Data supplied:
#####

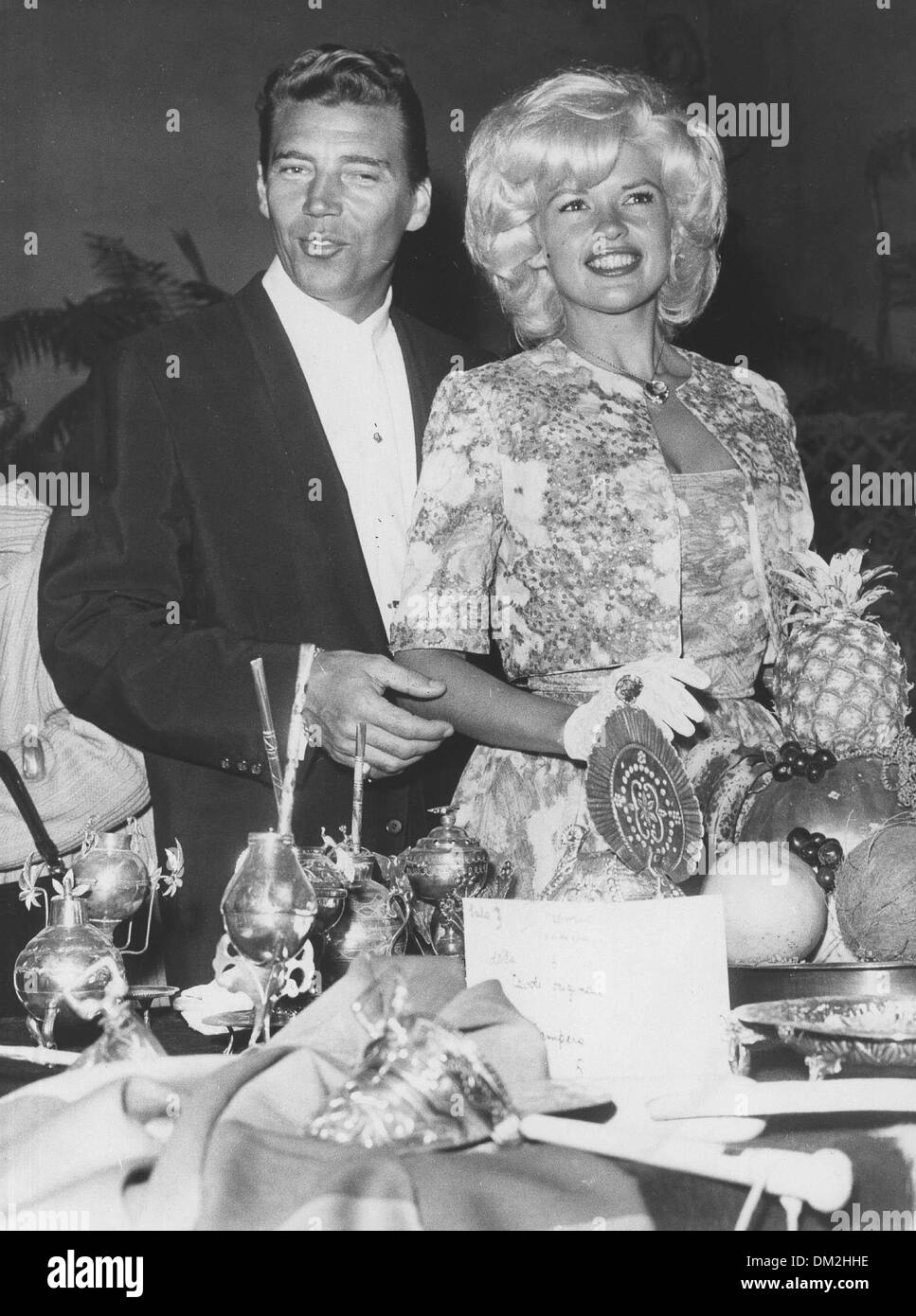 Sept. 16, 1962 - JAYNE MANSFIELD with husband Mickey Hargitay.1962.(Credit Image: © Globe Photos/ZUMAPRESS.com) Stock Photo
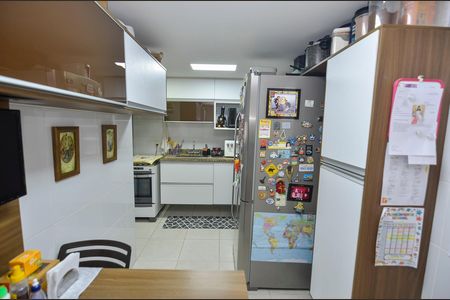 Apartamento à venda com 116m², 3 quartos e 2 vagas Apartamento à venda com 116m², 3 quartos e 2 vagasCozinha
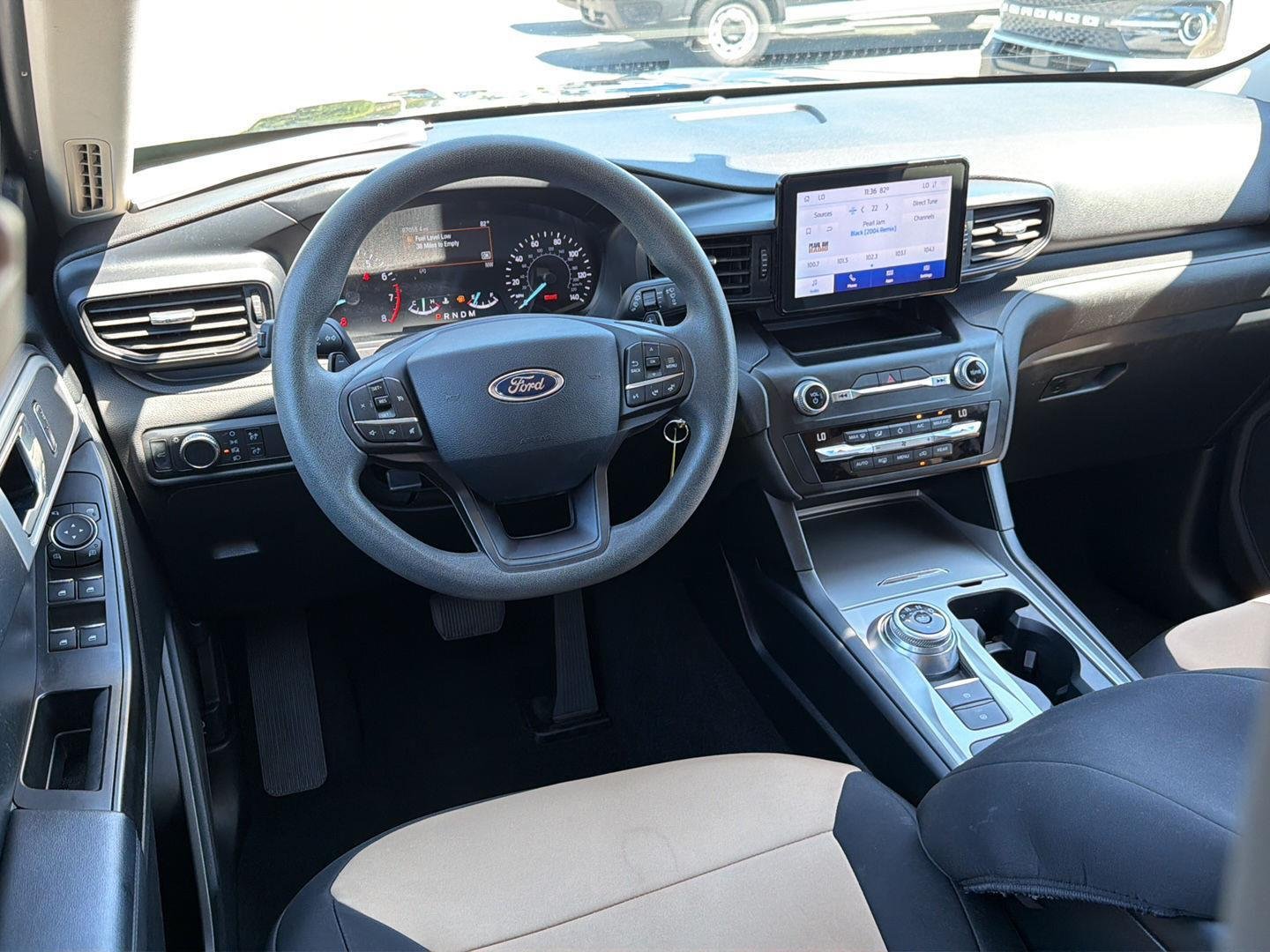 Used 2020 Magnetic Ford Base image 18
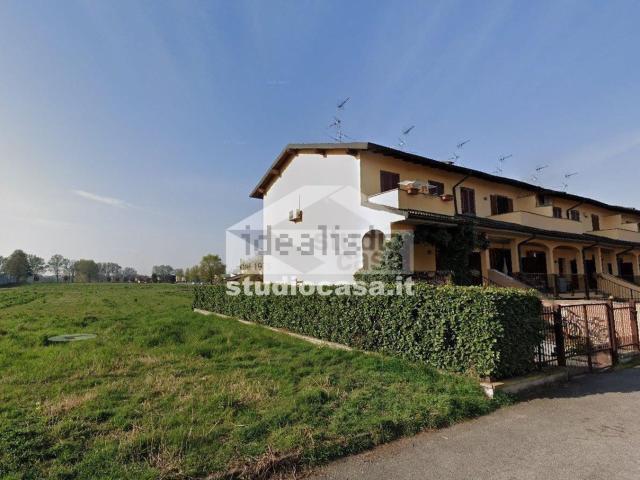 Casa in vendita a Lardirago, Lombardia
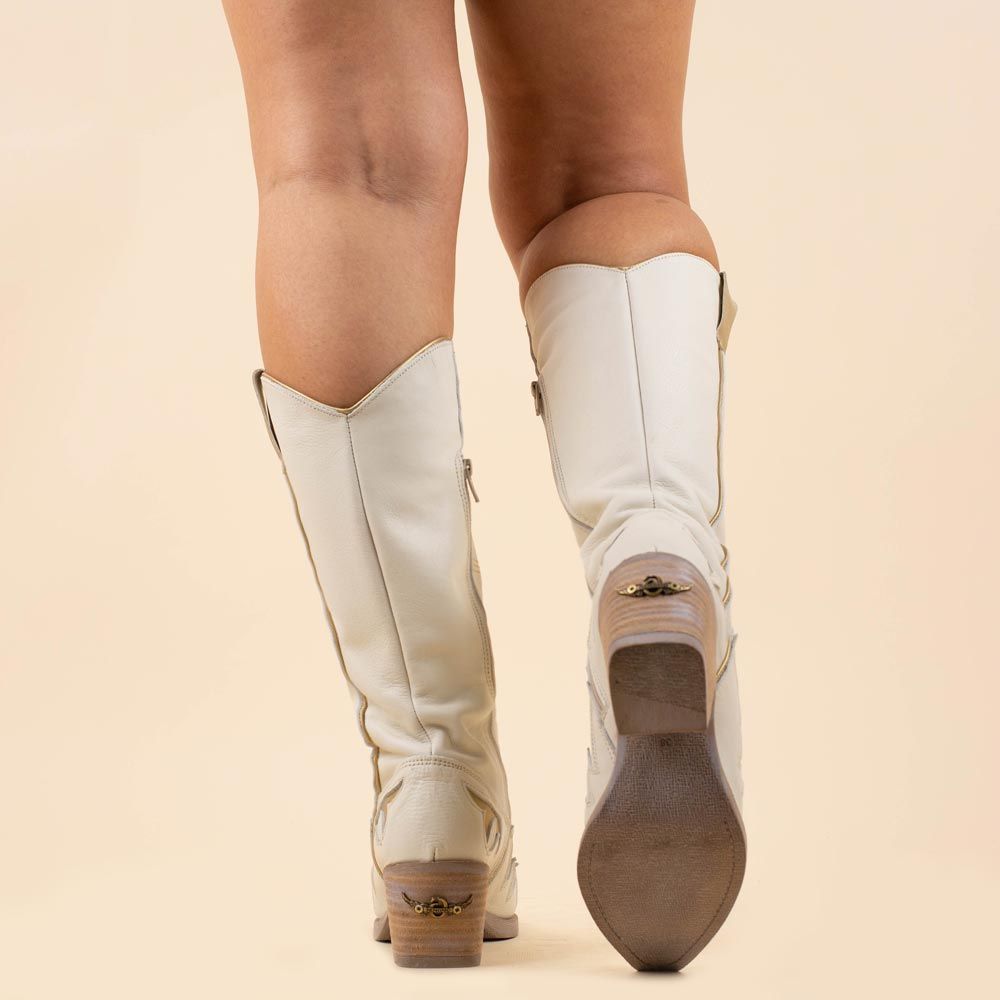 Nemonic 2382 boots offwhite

#####

Problem to work on: Output the listing exactly, pictures excluded.

Problem solution:
 Sept. 16, 1962 - JAYNE MANSFIELD with husband Mickey Hargitay.1962.(Credit Image: © Globe Photos/ZUMAPRESS.com) Stock Photo
 Apartamento à venda com 116m², 3 quartos e 2 vagas Apartamento à venda com 116m², 3 quartos e 2 vagasCozinha
 Used 2020 Magnetic Ford Base image 18
 Casa in vendita a Lardirago, Lombardia
 Nemonic 2382 boots offwhite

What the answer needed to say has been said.